Header Image

Review: Worst Case Scenario by TJ Newman

Title: Worse Case Scenario
Author: TJ Newman
Year published: 2024
Category: Adult fiction (thriller)
Pages: 336 pages
Rating: 4.5 out of 5

Location: (my 2024 Google Reading map): USA (MN)

SummaryThe International Nuclear Event Scale tracks nuclear disasters. It has seven levels. Level 7 is a Major Accident, with only two on record: Fukushima and Chernobyl. There has never been a Level 8. Until now.
 
In this heart-stopping thriller, ordinary people—power plant employees, firefighters, teachers, families, neighbors, and friends— are thrust into an extraordinary situation as they face the ultimate test of their lives. It will take the combined courage, ingenuity, and determination of a brave few to save not only their community and loved ones, but the fate of humanity at large.

Review: I very much enjoyed Newman's first two novels Falling and Drowning (links to my reviews) so when I saw that this third book was out I got a copy right away. And I read it in one day, staying up a bit too late on Saturday evening.

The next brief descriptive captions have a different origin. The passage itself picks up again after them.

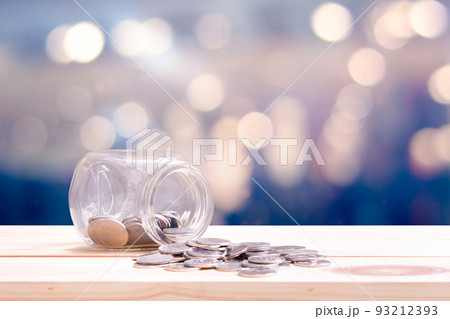 Concept saving and financial with coins spilling out of a glass bottle on wooden table and bokeh background. 93212393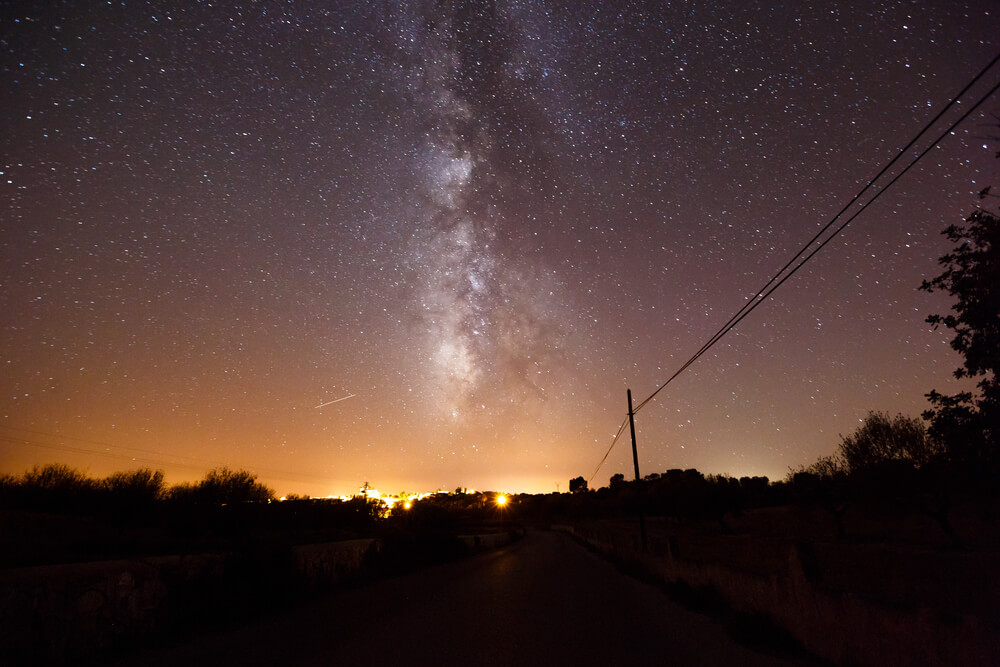 Stargazing: The night sky lit up with stars and red haze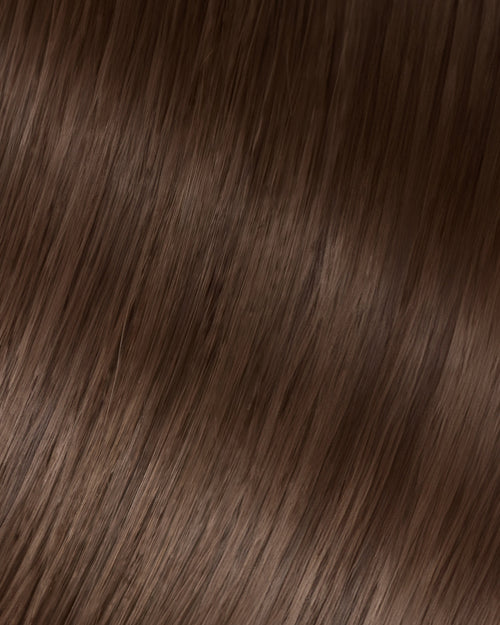 A swatch of brown hair texture, showcasing the strands of a hair extension.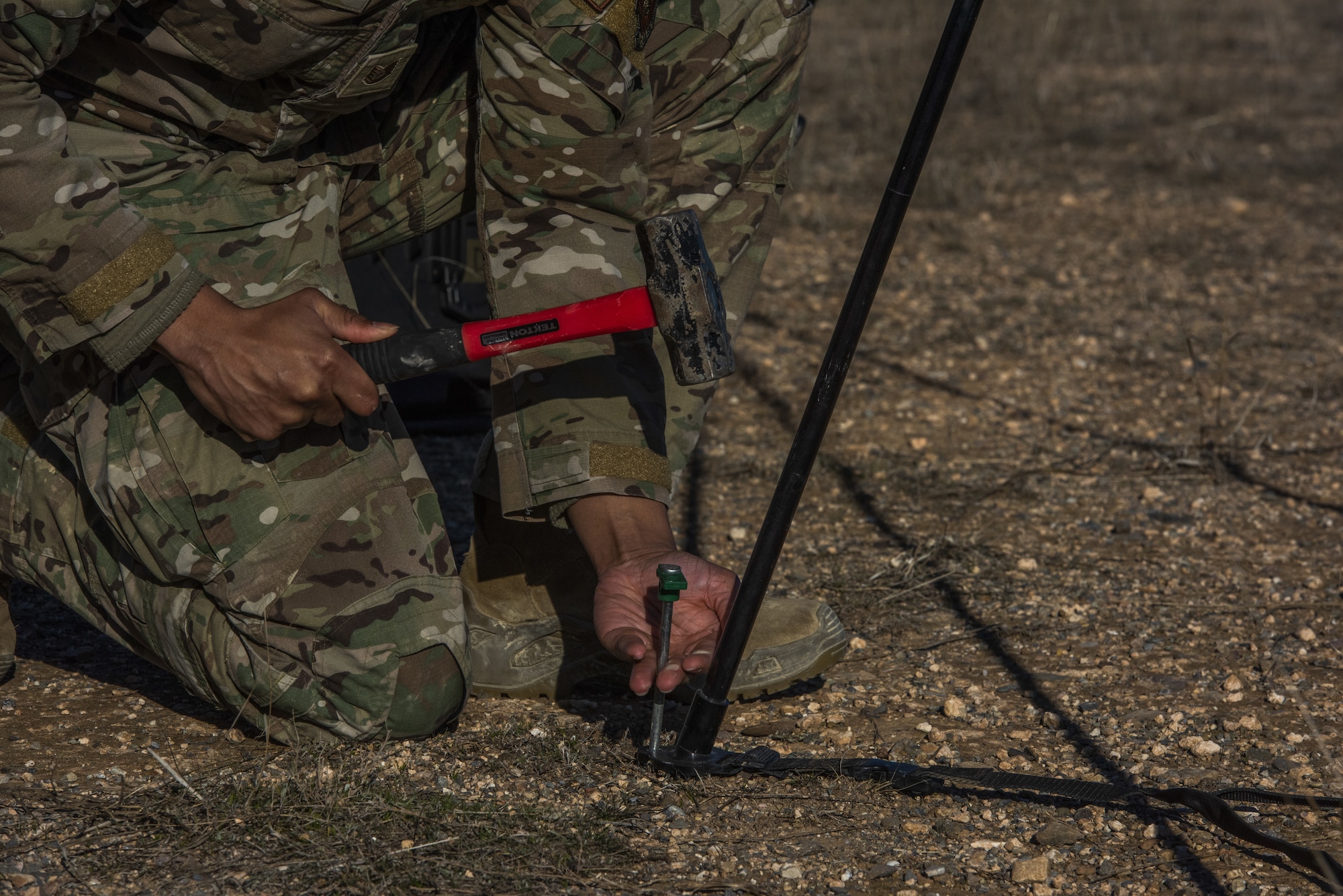 A man uses a hammer to put a stake in the ground.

There are lots of moving parts in this novel, and so much information that I didn't know about nuclear power. If. you read this blog regularly, you'll know I like it when I learn something from a book. Consider me more knowledgeable about nuclear power, radiation burns, and rescue operations. The actual plane crash in only the very beginning of this novel; 90% of it is centered on the town of Waketa, Minnesota and how the citizens take care of one another in the face of disaster.

When something awful happens, who steps up to help? Who has the necessary knowledge and skills? Who is willing to sacrifice for the good of the whole? These are all questions that are at the fore front of this novel and there are tough decisions being made with a time pressure. I liked how the novel centered on a number of different groups of people: firefighters performing a daring rescue, the power plant employees, the teachers and others at a local church who are caring for the town's kids. They all play a vital role when disaster hits though their experiences are disparate.